**Prompt:** From the data below, return only the lines from the one with "S925 Maxine Vintage" through the one with "2.jpg | Prodej - dům/vila, 180 m²", exact and inclusive, with pictures left out.

**Recorded information:**
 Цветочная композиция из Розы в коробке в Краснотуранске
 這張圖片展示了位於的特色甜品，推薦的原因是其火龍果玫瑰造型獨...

--

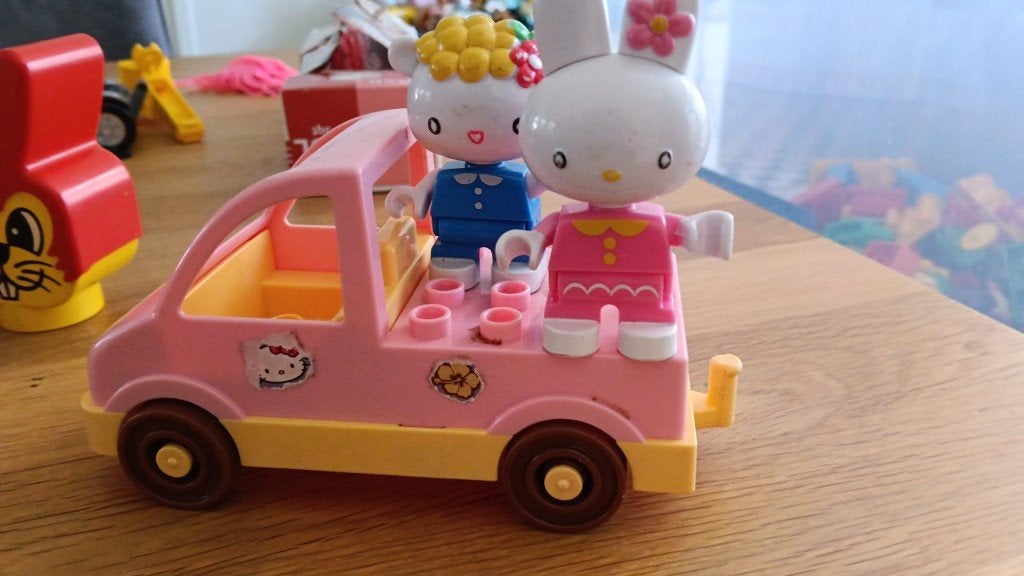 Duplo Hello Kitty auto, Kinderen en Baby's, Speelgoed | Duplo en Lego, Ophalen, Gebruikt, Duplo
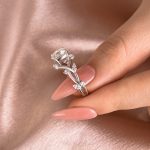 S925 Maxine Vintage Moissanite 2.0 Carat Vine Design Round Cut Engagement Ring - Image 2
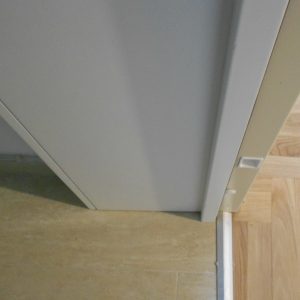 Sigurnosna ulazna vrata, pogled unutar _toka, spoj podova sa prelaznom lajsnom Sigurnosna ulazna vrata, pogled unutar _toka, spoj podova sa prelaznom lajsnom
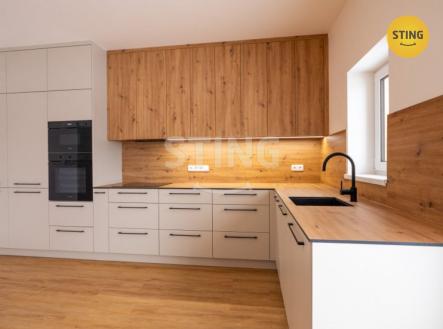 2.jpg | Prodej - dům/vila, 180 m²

---

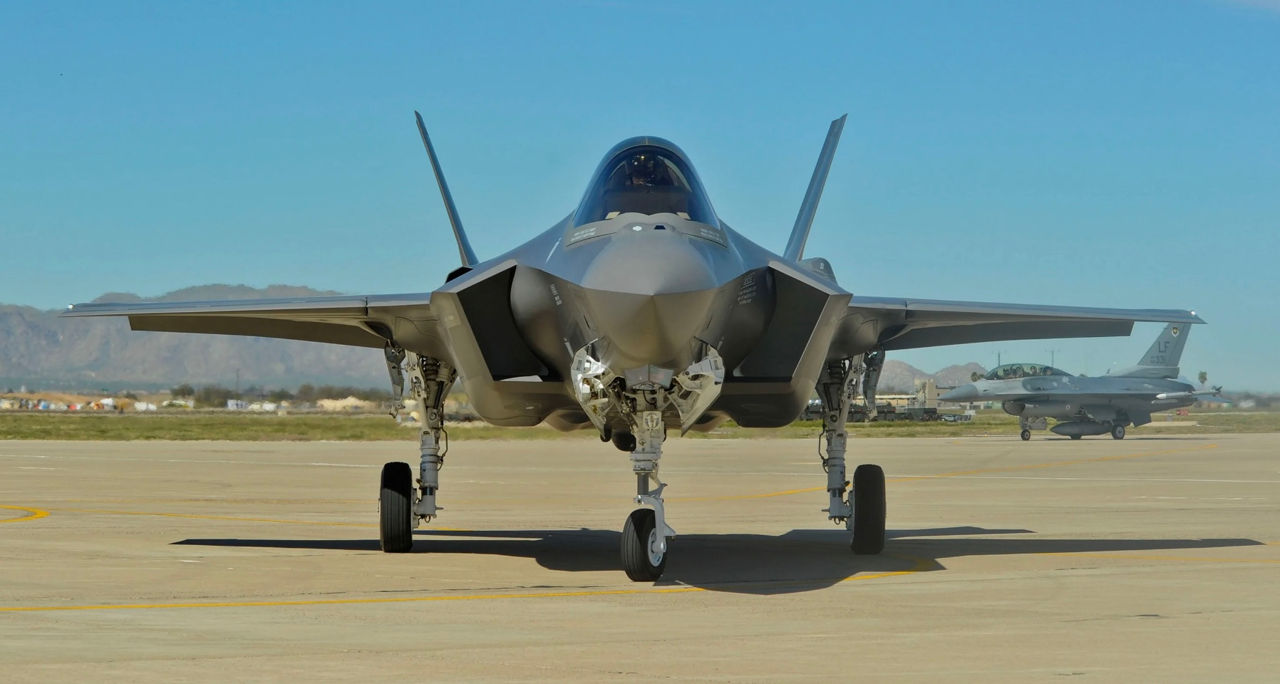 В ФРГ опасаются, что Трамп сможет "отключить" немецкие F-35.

**Answer space:**
 S925 Maxine Vintage Moissanite 2.0 Carat Vine Design Round Cut Engagement Ring - Image 2
 Sigurnosna ulazna vrata, pogled unutar _toka, spoj podova sa prelaznom lajsnom Sigurnosna ulazna vrata, pogled unutar _toka, spoj podova sa prelaznom lajsnom
 2.jpg | Prodej - dům/vila, 180 m²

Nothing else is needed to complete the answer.